:: Material shown ::

╭──

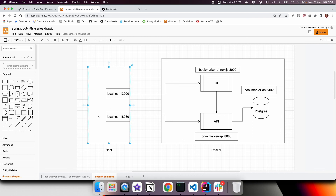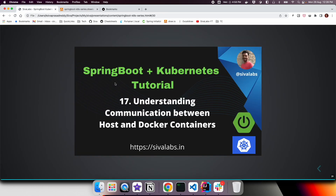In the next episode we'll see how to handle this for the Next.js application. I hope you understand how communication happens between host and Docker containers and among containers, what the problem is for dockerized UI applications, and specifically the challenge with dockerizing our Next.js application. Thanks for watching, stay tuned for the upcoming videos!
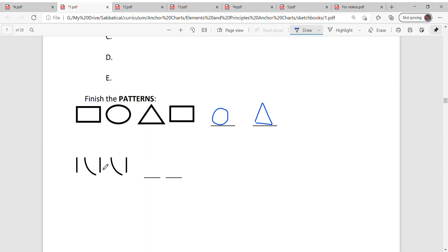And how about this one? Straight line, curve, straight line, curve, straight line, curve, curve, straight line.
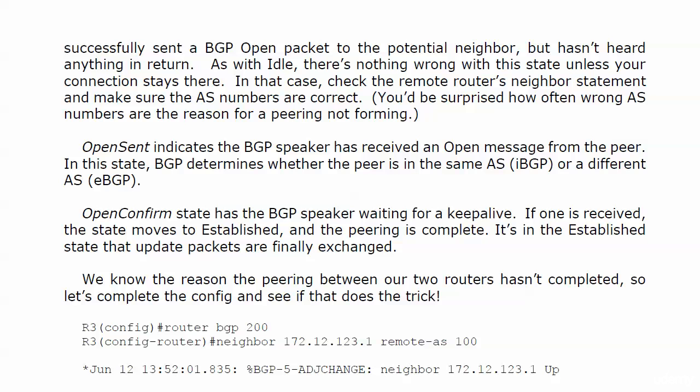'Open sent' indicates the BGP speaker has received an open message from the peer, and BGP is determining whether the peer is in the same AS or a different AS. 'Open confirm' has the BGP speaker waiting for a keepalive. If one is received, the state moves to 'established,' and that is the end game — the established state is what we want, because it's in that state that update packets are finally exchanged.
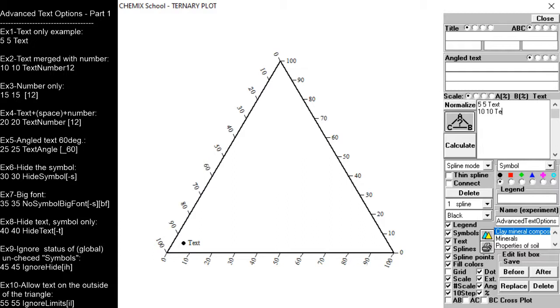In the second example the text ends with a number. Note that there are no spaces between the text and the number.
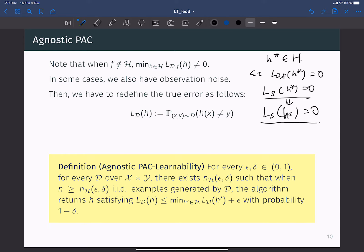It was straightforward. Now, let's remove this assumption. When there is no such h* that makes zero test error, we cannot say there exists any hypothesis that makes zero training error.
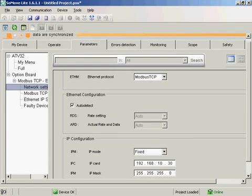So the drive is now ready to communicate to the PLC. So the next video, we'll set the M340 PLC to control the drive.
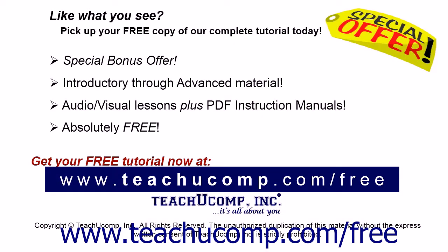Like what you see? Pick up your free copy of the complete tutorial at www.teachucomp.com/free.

╰──

:: Problem ::
Give back each entry exactly as it appears, with no pictures.

:: Reply ::
In the next episode we'll see how to handle this for the Next.js application. I hope you understand how communication happens between host and Docker containers and among containers, what the problem is for dockerized UI applications, and specifically the challenge with dockerizing our Next.js application. Thanks for watching, stay tuned for the upcoming videos!
And how about this one? Straight line, curve, straight line, curve, straight line, curve, curve, straight line.
'Open sent' indicates the BGP speaker has received an open message from the peer, and BGP is determining whether the peer is in the same AS or a different AS. 'Open confirm' has the BGP speaker waiting for a keepalive. If one is received, the state moves to 'established,' and that is the end game — the established state is what we want, because it's in that state that update packets are finally exchanged.
In the second example the text ends with a number. Note that there are no spaces between the text and the number.
It was straightforward. Now, let's remove this assumption. When there is no such h* that makes zero test error, we cannot say there exists any hypothesis that makes zero training error.
So the drive is now ready to communicate to the PLC. So the next video, we'll set the M340 PLC to control the drive.
Like what you see? Pick up your free copy of the complete tutorial at www.teachucomp.com/free.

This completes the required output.